The documentation set for this product strives to use bias-free language. For the purposes of this documentation set, bias-free is defined as language that does not imply discrimination based on age, disability, gender, racial identity, ethnic identity, sexual orientation, socioeconomic status, and intersectionality. Exceptions may be present in the documentation due to language that is hardcoded in the user interfaces of the product software, language used based on RFP documentation, or language that is used by a referenced third-party product. Learn more about how Cisco is using Inclusive Language.
Data centers consisting of hundreds of thousands of servers process massive amount of data driven by cloud computing and big data applications as well as new and emerging workloads such as AI/ML (artificial intelligence/machine learning).
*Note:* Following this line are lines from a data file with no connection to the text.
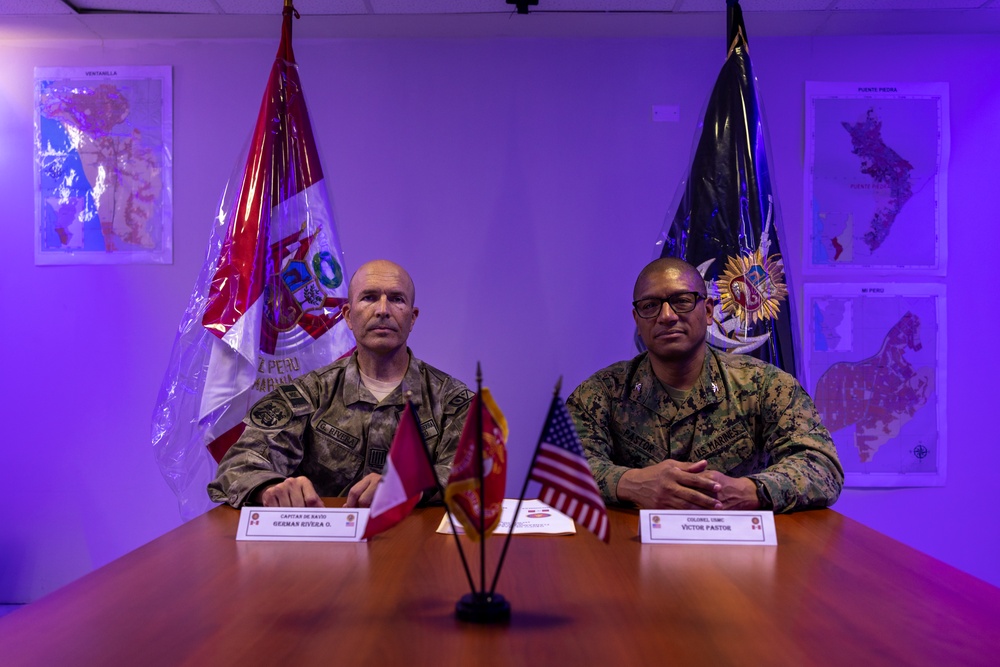 U.S. Marine Corps Forces, South, and Infantería de Marina del Perú participates in staff planner working group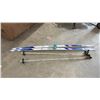 Image 1 : Elan 500 Cross-Country Skis with No-Wax Base, Step-In Bindings, and Ski Poles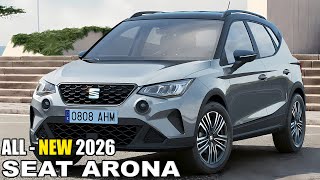 2026 SEAT ARONA  Your Next MustHave SUV [upl. by Naldo]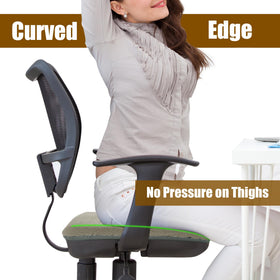 HOMBYS removable cover with non-slip backing demonstrates easy care.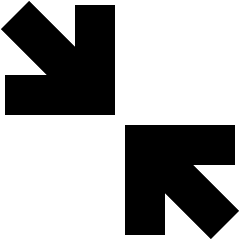 Line Arrow Shrink Diagonal Large 2 Icon from Sharp Solid Set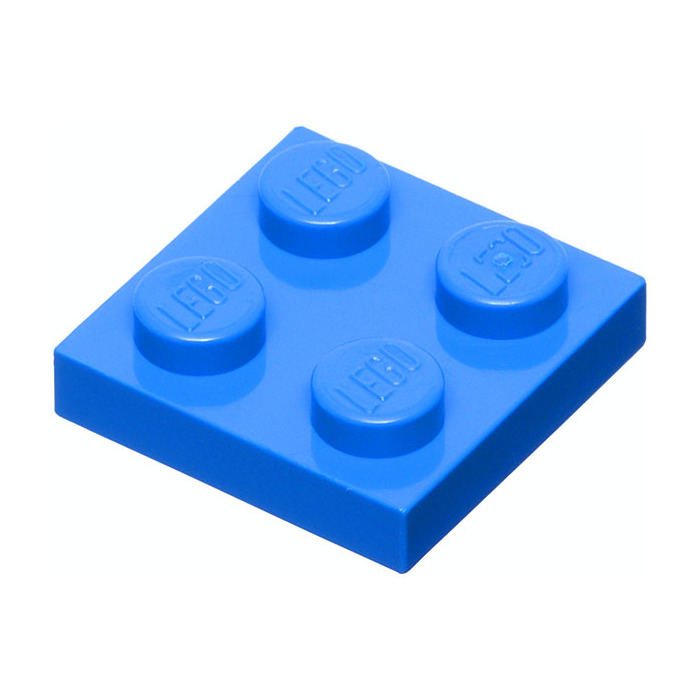 

Деталь LEGO 302223 Пластина 2х2 синий 50 шт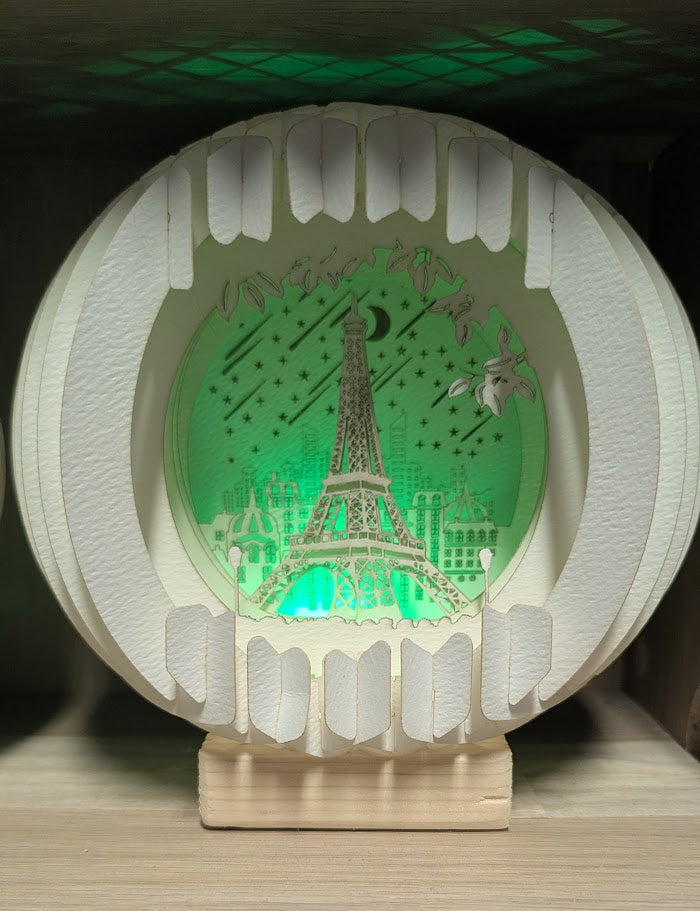 44-Eiffel Tower Paper Globe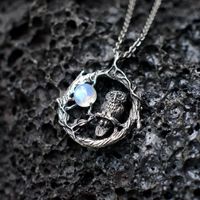 Fashion Owl Alloy Plating Hollow Out Inlay Glass Stone Women's Pendant Necklace 1 Piece main image 3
These emerging workloads, which may span different geographical areas, need greater bandwidth and higher efficiency when having to interconnect compute, storage, and memory across and/or within a rack at higher speeds. In this paper, Cisco and Panduit will describe some of the trends in data center connectivity and the impact this compute-intensive workload have on cabling and network infrastructure design with corresponding deployment guidelines.
Applications like machine learning or AI are compute intensive and are processed across multiple servers, physical and virtual, all interconnected locally within or across multiple racks requiring bandwidth to be distributed within and across multiple facilities. To address the bandwidth requirements or potential bottlenecks within the data center, the switching, compute to network bandwidth, and cabling infrastructure needs to evolve both in terms of speed and network placement.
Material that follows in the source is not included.